Previous studies suggest that dietary supplementation with exogenous hydrolytic enzymes can enhance the digestive ability of fish larvae by compensating for low levels of host digestive enzymes and improving its nourishment [40]. In this context, yeasts can contribute to gut digestion by providing hydrolytic enzymes [41] or polyamines, which stimulate the expression and activities of brush border enzymes in intestinal cells [42,43].

It has been suggested that autochthonous yeasts isolated from the guts of closely related fishes are more successful in colonizing the digestive tract and exert more beneficial outputs to the host than non-autochthonous species [44,45]. Consequently, some of our yeast isolates could be tested for their probiotic potential in S. violacea and G. chilensis, which are native species that form part of the aquaculture diversification program in Chile. Specifically, it would be valuable to determine the effect of these yeast isolates on larvae survival, which is a critical bottleneck in producing these new fish species. This type of probiotics could positively impact the nourishment status of these local fishes and, therefore, have significant benefits in this food-production sector.

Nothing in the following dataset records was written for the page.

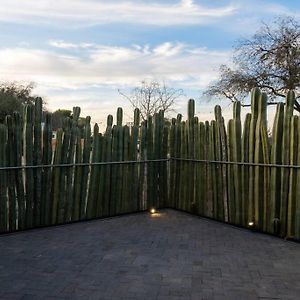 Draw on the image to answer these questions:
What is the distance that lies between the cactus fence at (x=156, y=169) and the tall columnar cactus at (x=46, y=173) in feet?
0.06

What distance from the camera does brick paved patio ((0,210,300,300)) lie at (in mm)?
4250

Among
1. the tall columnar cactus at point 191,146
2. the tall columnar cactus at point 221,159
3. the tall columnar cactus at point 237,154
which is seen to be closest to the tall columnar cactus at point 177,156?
the tall columnar cactus at point 191,146

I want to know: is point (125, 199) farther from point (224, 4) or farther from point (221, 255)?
point (224, 4)

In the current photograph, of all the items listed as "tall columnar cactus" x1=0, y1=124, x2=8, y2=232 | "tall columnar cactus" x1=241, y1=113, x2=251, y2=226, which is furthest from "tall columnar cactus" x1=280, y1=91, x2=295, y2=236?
"tall columnar cactus" x1=0, y1=124, x2=8, y2=232

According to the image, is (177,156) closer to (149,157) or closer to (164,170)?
(164,170)

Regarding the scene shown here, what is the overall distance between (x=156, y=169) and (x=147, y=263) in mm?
3640

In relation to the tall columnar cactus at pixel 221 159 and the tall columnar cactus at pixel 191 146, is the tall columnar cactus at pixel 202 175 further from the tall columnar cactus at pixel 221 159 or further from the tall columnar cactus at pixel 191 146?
the tall columnar cactus at pixel 221 159

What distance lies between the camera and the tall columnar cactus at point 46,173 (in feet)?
22.4

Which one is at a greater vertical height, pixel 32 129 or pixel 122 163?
pixel 32 129

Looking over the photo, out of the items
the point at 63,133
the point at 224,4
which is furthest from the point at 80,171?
the point at 224,4

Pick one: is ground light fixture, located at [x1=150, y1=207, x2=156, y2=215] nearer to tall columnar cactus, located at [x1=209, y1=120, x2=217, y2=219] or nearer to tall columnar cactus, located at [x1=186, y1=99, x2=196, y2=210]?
tall columnar cactus, located at [x1=186, y1=99, x2=196, y2=210]

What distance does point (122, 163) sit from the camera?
25.9 ft

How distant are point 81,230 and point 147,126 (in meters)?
2.73

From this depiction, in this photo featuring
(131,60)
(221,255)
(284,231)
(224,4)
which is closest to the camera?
(221,255) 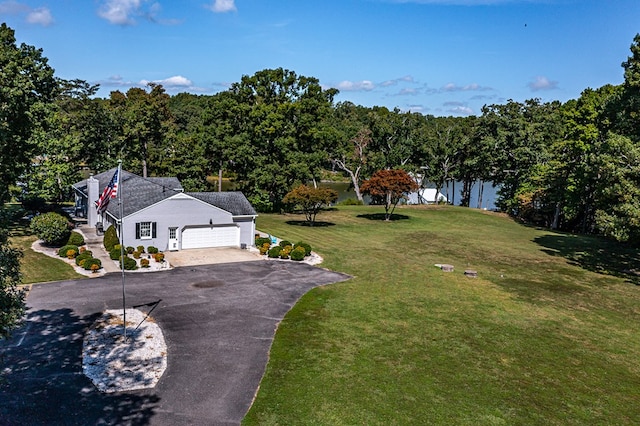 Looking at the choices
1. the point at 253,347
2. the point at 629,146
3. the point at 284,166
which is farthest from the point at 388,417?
the point at 284,166

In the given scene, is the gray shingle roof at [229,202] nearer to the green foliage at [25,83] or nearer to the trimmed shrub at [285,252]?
the trimmed shrub at [285,252]

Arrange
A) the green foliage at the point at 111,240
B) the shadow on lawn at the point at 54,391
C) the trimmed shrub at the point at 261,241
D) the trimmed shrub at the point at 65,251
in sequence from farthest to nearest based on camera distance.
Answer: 1. the trimmed shrub at the point at 261,241
2. the green foliage at the point at 111,240
3. the trimmed shrub at the point at 65,251
4. the shadow on lawn at the point at 54,391

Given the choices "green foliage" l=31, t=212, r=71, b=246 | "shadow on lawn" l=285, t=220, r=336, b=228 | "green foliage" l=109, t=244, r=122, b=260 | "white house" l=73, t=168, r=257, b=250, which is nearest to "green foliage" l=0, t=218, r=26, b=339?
"green foliage" l=109, t=244, r=122, b=260

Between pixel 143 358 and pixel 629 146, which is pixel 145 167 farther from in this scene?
pixel 629 146

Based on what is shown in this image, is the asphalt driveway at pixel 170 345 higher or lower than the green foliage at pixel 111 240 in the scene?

Additionally, previous studies have highlighted potential biotechnological applications for some of the yeast species identified here. For instance, a similar strain of C. palmioleophila has been recognized for its ability to remove oil and grease from water polluted with wastewater from palm oil refineries [46]. Likewise, R. mucilaginosa can use single-ringed aromatic hydrocarbons as a carbon source, and, therefore, its use has been proposed for environmental bioremediation [47]. R. dairenensis and other members of the genus are known as fructooligosaccharide producers, so they have been proposed as substitutes for the current production methods in the sweeteners industry [48]. Another yeast species identified with a described biotechnological application is C. mesorugosa, capable of producing indole-3-acetic acid, a growth-promoter agent in plants [49].

In the light of the previous examples, the importance of studying microbial communities in new environments becomes evident. By doing so, we can expand our knowledge of the profound impacts of the microbes in their environments, developing diverse industrial and biotechnological applications, or identify new sources of microorganisms with already known potentialities. Future studies will be performed to evaluate the probiotic or industrial potential of these isolates.